Lady Liberty and a Bald Eagle walk into a bar


#1

And even with copious amounts of allergy medicine, I can’t finish the joke.

But the results are no joke. Everyone has been playing with the 3d engrave, except me. I found a high-res image of a 2016 American Eagle coin, quickly made a pseudo bump map of it in Photoshop and sent it to the Glowforge.

Gotta go. Secret Service is knocking :frowning:


#2

That is seriously gorgeous.
Wait… You cut the ridges on the outside?! BRILLIANT!


#3

Shh - not intentionally. :wink: I did engrave them though - and with a double sided engrave they basically make it look like I cut the ridges. Pretty cool, huh?


#4

Holy cow - thought it WAS a coin! :grinning:


#5

Let’s make some real wooden nickels!


#6

I’ll say!


#7

Great detail! Looks like the milling on the edge lined up too :sunglasses:

How did you do that in PS?


#8

I’ll see if I can write up something in #beyond-the-manual. It came out pretty accurate, I think, for actually representing depth!


#9

So how did you accomplish this seemingly-perfect double-sided engrave?
Pop it out and then put it back into its hole upside down? And then… what… had both sides on top of each other and turned one off and the other on for the 2nd?


#10

Yup. Pretty much.

Engrave
Cut
Pick up with Gorilla Tape
Flip
Put it back
Engrave backside


#11

That would be wonderful, thank you for your time!


#12

wow that is amazing.


#13

Best I have seen yet!


#14

@Tom_A a more precise way (meaning less risk of rotating the coin when flipping it) but also slightly more wasteful way would be to wait to cut the coin out after engraving side 2. For side 1, add a rectangular cut around the first side, then flip this rectangular cutout, engrave side 2, then cut the coin out.

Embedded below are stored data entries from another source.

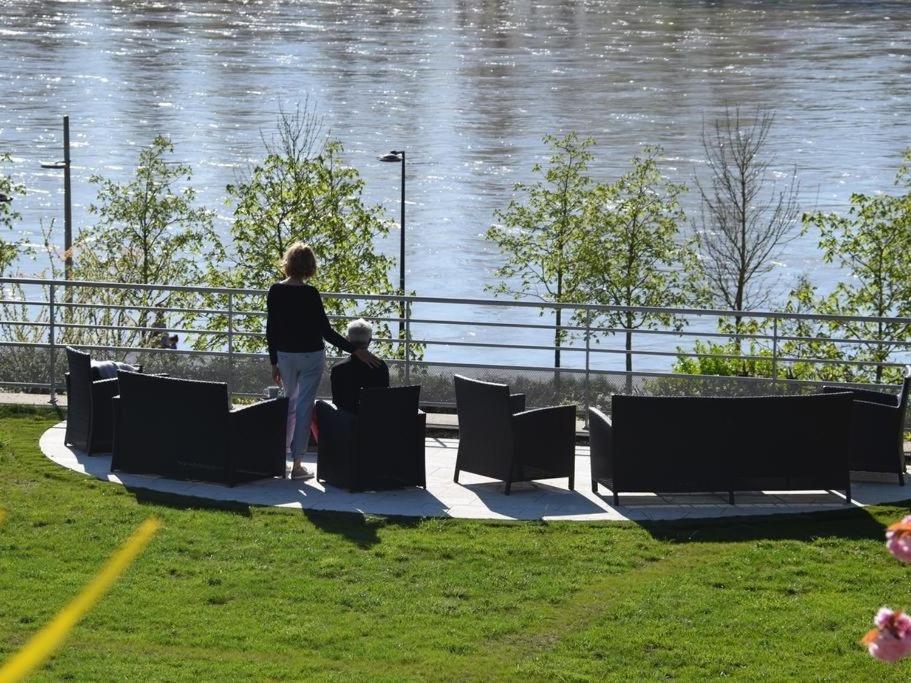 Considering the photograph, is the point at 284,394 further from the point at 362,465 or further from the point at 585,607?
the point at 585,607

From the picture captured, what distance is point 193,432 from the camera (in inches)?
397

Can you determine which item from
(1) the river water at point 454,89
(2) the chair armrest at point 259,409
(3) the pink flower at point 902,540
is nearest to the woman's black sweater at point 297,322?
(2) the chair armrest at point 259,409

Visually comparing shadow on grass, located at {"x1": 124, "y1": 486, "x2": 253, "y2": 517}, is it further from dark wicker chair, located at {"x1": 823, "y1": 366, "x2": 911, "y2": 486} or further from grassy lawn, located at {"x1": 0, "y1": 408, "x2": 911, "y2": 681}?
dark wicker chair, located at {"x1": 823, "y1": 366, "x2": 911, "y2": 486}

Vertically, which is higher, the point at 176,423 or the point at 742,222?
the point at 742,222

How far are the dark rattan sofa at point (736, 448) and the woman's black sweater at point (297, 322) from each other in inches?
77.9

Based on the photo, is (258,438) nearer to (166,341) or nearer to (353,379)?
(353,379)

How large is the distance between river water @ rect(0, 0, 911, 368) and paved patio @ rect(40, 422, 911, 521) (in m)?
45.7

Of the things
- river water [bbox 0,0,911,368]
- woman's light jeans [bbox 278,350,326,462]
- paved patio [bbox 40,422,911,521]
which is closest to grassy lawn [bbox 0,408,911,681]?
paved patio [bbox 40,422,911,521]

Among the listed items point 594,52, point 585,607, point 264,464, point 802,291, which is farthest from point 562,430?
point 594,52

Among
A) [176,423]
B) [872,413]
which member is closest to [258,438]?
[176,423]

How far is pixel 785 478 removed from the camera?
9547 mm

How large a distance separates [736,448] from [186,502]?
11.4 ft

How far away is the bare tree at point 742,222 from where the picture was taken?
167ft

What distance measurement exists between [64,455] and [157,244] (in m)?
37.2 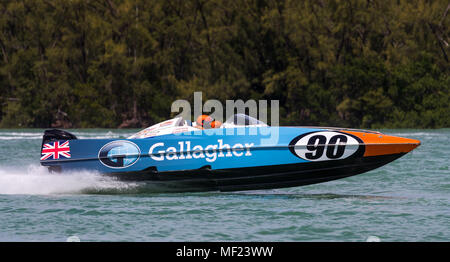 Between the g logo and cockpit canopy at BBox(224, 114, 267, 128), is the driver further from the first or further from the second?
the g logo

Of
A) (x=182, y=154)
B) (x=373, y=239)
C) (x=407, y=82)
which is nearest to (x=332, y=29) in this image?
(x=407, y=82)

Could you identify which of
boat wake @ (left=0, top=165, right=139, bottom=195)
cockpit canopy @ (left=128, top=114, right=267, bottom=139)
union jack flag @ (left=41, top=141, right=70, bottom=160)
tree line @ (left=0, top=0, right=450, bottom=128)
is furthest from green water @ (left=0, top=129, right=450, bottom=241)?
tree line @ (left=0, top=0, right=450, bottom=128)

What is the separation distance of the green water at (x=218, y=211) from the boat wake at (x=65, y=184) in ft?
0.06

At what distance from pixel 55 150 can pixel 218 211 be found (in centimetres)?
374

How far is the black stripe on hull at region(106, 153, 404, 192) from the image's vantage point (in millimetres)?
13191

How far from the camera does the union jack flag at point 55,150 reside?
Result: 13.7 meters

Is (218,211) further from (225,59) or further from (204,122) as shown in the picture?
(225,59)

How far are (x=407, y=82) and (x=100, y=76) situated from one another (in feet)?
74.2

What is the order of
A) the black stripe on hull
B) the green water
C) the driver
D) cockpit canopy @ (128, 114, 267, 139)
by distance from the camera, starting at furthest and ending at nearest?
the driver → cockpit canopy @ (128, 114, 267, 139) → the black stripe on hull → the green water

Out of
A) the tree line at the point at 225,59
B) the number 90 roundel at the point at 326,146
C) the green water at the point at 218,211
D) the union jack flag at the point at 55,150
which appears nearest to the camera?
the green water at the point at 218,211

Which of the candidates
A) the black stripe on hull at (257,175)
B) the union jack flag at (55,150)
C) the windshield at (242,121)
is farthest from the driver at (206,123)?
the union jack flag at (55,150)

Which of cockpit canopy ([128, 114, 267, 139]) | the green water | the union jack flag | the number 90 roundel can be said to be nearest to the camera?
the green water

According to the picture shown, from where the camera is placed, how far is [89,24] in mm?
54031

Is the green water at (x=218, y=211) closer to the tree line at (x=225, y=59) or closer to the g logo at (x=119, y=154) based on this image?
the g logo at (x=119, y=154) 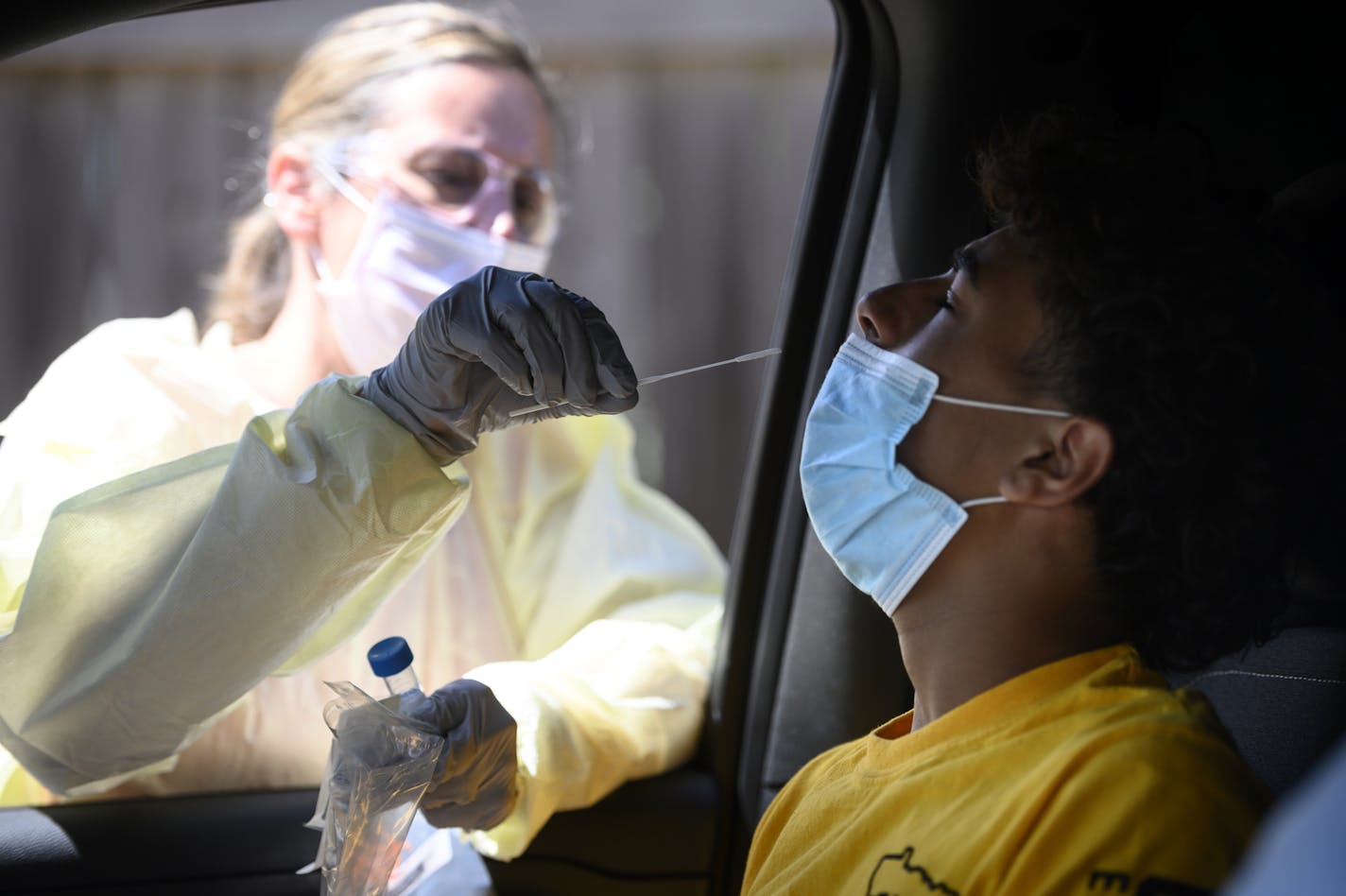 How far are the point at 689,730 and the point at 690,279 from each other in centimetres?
368

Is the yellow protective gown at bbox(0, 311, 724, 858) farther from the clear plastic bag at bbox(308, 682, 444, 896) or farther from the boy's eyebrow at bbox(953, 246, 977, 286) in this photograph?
the boy's eyebrow at bbox(953, 246, 977, 286)

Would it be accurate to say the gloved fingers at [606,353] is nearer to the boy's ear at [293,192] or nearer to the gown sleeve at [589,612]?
the gown sleeve at [589,612]

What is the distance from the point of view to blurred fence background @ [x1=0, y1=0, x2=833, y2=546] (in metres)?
5.30

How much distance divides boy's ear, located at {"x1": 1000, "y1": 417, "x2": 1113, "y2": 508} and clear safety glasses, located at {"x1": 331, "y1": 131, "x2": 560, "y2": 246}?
130 cm

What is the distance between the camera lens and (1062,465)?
118cm

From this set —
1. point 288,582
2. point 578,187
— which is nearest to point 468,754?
point 288,582

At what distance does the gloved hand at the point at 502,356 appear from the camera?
1.35 meters

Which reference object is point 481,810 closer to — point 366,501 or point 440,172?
point 366,501

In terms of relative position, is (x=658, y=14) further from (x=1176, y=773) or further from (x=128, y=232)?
(x=1176, y=773)

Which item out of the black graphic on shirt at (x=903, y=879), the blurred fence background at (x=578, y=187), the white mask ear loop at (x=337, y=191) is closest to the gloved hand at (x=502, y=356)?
the black graphic on shirt at (x=903, y=879)

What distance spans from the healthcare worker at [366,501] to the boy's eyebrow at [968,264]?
362 millimetres

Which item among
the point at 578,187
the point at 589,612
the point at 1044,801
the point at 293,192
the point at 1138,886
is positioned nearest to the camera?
the point at 1138,886

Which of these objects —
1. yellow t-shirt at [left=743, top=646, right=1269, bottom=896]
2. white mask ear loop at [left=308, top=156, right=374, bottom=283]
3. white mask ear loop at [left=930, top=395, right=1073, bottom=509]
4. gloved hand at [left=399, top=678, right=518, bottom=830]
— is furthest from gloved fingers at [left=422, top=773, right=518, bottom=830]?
white mask ear loop at [left=308, top=156, right=374, bottom=283]

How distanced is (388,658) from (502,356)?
0.34 metres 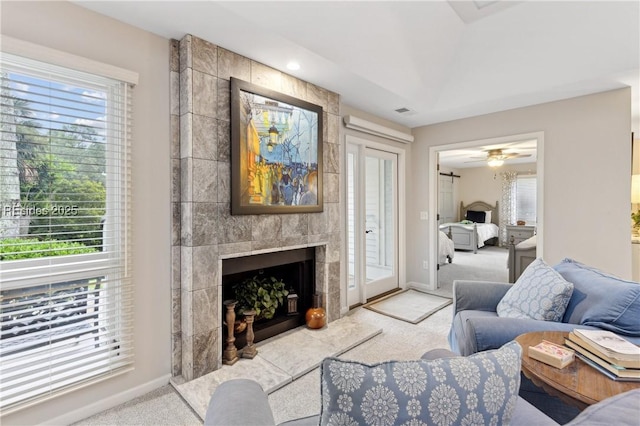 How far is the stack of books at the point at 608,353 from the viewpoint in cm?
119

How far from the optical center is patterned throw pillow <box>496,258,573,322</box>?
1.81m

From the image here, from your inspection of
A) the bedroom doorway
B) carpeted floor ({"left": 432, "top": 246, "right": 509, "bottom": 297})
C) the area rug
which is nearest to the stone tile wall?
the bedroom doorway

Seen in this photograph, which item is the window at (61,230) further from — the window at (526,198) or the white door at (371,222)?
the window at (526,198)

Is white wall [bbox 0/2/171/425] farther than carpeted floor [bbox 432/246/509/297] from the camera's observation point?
No

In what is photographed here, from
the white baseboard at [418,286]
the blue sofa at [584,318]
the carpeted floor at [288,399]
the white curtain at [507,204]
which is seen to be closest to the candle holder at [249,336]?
the carpeted floor at [288,399]

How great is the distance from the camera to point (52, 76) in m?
1.65

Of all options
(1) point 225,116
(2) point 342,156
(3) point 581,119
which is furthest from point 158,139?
(3) point 581,119

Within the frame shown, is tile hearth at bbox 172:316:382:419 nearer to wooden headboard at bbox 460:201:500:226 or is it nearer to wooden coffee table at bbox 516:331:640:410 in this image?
wooden coffee table at bbox 516:331:640:410

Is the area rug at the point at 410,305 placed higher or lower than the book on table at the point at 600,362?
lower

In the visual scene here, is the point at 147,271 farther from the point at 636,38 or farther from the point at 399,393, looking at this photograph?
the point at 636,38

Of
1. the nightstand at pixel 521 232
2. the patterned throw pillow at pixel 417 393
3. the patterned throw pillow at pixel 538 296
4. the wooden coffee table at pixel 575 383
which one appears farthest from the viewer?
the nightstand at pixel 521 232

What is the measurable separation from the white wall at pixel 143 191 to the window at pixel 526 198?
8.92m

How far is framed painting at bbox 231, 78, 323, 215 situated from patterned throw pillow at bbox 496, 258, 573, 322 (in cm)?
170

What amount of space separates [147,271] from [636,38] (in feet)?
13.3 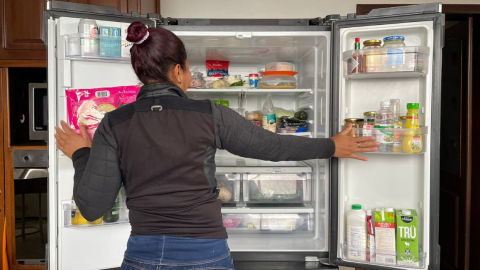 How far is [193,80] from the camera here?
7.11ft

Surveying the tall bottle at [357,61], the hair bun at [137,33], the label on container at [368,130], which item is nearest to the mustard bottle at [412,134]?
the label on container at [368,130]

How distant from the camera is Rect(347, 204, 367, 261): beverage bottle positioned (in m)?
1.71

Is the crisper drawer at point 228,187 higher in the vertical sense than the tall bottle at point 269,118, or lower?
lower

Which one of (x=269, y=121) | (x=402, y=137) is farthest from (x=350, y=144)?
(x=269, y=121)

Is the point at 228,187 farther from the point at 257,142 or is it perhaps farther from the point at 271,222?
the point at 257,142

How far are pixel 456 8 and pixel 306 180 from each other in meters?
1.62

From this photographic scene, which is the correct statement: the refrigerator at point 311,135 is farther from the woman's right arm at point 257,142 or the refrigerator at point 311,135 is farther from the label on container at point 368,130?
the woman's right arm at point 257,142

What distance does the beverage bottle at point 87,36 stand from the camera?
1.54m

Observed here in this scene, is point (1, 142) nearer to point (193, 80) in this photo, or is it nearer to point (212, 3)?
point (193, 80)

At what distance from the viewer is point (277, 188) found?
7.20 feet

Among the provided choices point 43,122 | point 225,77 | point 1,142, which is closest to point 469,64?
point 225,77

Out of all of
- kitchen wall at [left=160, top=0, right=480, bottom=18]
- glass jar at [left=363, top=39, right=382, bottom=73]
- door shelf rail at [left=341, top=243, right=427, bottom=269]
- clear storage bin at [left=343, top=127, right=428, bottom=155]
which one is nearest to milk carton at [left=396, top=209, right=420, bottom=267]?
door shelf rail at [left=341, top=243, right=427, bottom=269]

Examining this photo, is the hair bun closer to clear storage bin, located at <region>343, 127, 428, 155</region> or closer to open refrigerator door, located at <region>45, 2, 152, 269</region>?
open refrigerator door, located at <region>45, 2, 152, 269</region>

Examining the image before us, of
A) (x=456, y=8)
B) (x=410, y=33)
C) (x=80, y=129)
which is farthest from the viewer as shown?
(x=456, y=8) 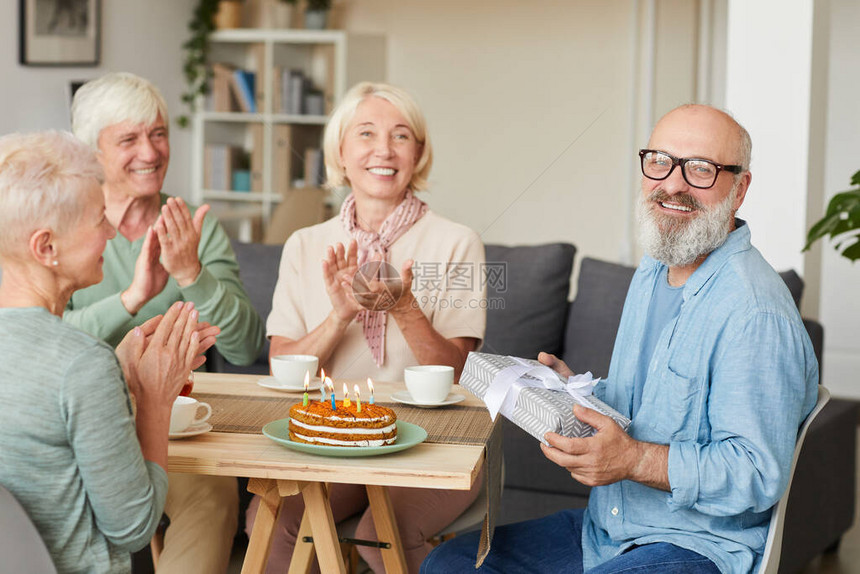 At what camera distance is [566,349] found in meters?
3.08

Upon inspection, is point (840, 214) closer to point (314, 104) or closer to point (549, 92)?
point (549, 92)

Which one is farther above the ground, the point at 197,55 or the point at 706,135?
the point at 197,55

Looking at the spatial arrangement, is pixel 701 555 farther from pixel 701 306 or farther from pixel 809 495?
pixel 809 495

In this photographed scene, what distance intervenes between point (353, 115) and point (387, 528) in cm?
89

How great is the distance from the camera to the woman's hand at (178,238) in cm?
189

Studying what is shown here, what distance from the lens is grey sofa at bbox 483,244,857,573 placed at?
2.55 m

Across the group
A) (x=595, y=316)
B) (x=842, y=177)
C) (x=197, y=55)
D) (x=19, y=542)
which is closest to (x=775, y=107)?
(x=595, y=316)

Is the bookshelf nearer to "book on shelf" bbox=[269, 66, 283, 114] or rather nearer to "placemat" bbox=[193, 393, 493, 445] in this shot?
"book on shelf" bbox=[269, 66, 283, 114]

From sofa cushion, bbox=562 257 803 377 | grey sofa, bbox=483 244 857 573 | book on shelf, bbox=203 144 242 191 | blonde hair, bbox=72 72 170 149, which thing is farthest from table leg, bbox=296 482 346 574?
book on shelf, bbox=203 144 242 191

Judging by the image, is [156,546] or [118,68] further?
[118,68]

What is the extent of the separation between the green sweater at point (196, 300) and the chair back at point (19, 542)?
0.91 m

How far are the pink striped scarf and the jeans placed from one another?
52 cm

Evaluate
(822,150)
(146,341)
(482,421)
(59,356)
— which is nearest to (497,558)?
(482,421)

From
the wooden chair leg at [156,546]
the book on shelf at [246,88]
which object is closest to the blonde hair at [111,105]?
the wooden chair leg at [156,546] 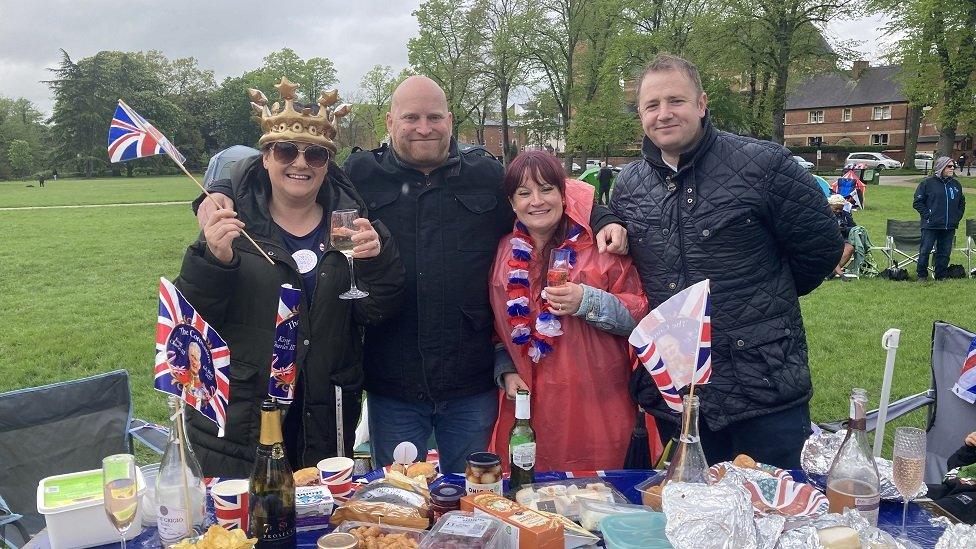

Key to this is to have it all in the same svg as different colors so you can ignore the side 2 stuff (engrave and coin cutout) while engraving and cutting side 1.

Does that make sense?


#15

That is cool! I need to start playing with 3D.


#16

Ah. Yes I can certainly see why one might want to do that. I’m sure there are pros and cons to each. I’ll have to keep them both in mind. :slight_smile:


#17

Looks perfect to me!


#18

So, what was the engrave time for each side … curious if it was + or - the same amount of time.

:glowforge::sunglasses:


#19

Fantastic !!


#20

I don’t recall exact times. The front was about 6 minutes? I pretty much suck at logging my cuts :slight_smile: - and they were different times because I did the front and back at different LPI’s (350 on the front and 675 on the back). If I had chosen to do the same LPI for front and back, they would have come out, I imagine, within seconds of one another - as the overall motion plan of the engrave was basically the exact same.